**Brief**
Lines holding the word "Salvage" must be located in the listing below and copied.

[[ Data, beginning ]]

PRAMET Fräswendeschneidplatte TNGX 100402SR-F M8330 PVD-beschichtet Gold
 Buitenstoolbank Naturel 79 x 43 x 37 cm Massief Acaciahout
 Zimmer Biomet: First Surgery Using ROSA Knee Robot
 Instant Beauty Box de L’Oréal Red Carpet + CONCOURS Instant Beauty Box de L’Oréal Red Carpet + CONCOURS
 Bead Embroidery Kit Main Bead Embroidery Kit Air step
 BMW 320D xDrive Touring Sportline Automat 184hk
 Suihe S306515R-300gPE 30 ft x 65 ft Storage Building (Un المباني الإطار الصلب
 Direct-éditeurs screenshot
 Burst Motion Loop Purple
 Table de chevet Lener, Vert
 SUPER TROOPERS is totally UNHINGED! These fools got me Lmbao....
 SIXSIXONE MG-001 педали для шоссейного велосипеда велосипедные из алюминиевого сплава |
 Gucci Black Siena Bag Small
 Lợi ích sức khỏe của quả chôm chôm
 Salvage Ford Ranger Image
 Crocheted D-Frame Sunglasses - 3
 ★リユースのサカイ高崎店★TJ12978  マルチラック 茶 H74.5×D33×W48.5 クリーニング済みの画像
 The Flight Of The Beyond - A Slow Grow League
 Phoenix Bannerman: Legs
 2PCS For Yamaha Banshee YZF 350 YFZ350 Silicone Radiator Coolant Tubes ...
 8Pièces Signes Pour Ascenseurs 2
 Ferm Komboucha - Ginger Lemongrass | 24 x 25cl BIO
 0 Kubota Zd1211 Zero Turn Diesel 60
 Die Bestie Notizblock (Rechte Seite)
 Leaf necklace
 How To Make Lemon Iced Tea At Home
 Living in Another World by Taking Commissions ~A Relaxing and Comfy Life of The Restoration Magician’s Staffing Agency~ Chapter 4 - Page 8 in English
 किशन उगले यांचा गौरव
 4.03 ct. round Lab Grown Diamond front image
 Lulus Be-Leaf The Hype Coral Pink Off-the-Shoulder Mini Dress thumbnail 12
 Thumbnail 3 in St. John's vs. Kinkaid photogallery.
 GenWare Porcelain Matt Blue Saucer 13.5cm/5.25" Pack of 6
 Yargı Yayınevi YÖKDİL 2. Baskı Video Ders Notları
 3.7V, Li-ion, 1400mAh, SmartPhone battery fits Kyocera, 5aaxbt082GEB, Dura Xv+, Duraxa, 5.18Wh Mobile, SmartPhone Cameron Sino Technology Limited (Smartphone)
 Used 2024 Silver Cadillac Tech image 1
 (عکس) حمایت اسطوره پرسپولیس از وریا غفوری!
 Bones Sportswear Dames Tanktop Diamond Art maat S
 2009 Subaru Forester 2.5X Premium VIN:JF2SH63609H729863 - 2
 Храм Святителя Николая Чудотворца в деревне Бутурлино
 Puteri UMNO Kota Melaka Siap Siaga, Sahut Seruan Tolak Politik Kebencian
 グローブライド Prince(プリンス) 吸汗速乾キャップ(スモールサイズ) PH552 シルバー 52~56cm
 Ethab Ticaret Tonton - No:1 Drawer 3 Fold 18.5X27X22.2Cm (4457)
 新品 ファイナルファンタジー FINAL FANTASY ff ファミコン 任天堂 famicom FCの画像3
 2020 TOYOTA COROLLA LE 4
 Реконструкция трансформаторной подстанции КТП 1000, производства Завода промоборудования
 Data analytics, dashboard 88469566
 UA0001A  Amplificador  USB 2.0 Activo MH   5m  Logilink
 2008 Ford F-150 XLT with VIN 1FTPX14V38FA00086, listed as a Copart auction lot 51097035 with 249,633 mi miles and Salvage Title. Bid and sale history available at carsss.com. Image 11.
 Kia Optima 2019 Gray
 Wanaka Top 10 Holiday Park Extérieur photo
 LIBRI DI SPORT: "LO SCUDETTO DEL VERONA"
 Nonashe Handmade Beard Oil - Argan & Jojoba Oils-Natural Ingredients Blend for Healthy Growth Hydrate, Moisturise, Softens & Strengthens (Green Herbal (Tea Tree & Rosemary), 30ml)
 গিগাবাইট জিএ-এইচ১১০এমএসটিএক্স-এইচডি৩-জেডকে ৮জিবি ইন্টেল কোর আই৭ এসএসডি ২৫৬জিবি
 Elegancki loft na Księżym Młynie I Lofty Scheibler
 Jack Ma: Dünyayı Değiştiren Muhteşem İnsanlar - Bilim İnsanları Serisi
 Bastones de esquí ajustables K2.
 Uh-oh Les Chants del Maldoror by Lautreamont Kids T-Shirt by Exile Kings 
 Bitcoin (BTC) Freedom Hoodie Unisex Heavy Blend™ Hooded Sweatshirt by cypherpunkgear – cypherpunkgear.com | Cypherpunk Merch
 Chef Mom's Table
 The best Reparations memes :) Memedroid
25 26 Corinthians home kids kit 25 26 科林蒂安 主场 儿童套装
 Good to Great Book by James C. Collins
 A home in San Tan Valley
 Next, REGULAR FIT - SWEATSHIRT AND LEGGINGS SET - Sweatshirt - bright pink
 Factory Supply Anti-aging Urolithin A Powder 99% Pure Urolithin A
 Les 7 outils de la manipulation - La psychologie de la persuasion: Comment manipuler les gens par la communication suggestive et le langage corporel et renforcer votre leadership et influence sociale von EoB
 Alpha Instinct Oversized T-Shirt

[[ Data, end ]]

**Completed task**
 Salvage Ford Ranger Image
 2008 Ford F-150 XLT with VIN 1FTPX14V38FA00086, listed as a Copart auction lot 51097035 with 249,633 mi miles and Salvage Title. Bid and sale history available at carsss.com. Image 11.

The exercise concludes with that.